Gerhard Richter, Verkündigung nach Tizian (Annonciation d’après Titien), 1973, huile sur toile de lin, Hirshorn Museum, Washington D.C., photographiée le dimanche 8 juillet 2012 dans l’exposition Gerhard Richter, Panorama au Centre Pompidou. La notice dit, qu’avec cette œuvre, « l’une des rares confrontations avec l’art religieux », « l’artiste reconnaît humblement l’impossibilité de peindre aujourd’hui à la manière de Titien. » Je pense qu’il faut replacer ce tableau, du fait même de sa singularité, dans la peinture, à la fois d’histoire et familiale, de Richter.
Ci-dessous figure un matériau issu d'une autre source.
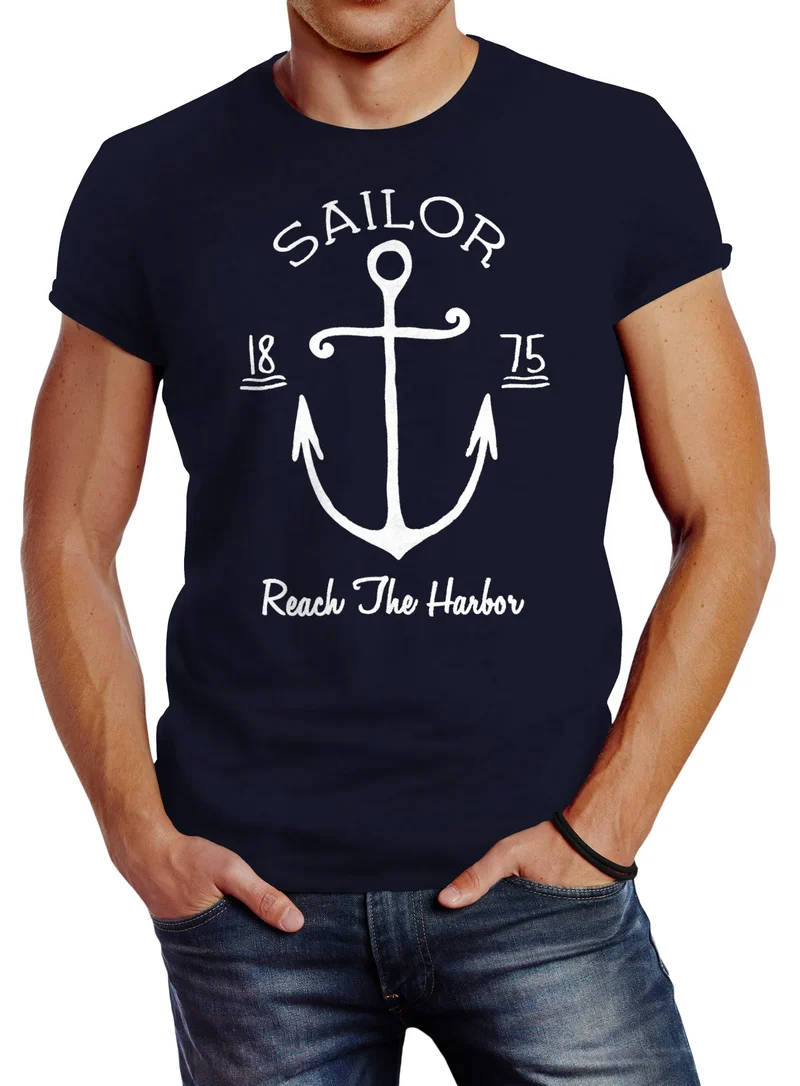 Herren T-Shirt Anker Spirit Vintage Segeln Vintage Slim Fit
Alfred Manessier, L’Otage, 1987, huile sur toile, collection particulière, photographiée (sans autorisation) au Centre culturel de rencontre de l’Abbaye de Saint-Riquier, le jeudi 19 juillet 2012. Dans un texte hommage du catalogue Alfred Manessier. Le tragique et la lumière, Joëlle Brunerie-Kauffmann rapporte comment son père, Pierre Brunerie, a connu Manessier en architecture aux Beaux-Arts de Paris, comment il lui commanda en 1957-1958 des vitraux pour la chapelle Notre-Dame de la Paix au Pouldu, et comment son mari, Jean-Paul Kauffmann, fut soutenu, lors de sa longue détention au Liban, de 1985 à 1988 — voir Ina —, par le peintre et à travers son tableau : L’Otage.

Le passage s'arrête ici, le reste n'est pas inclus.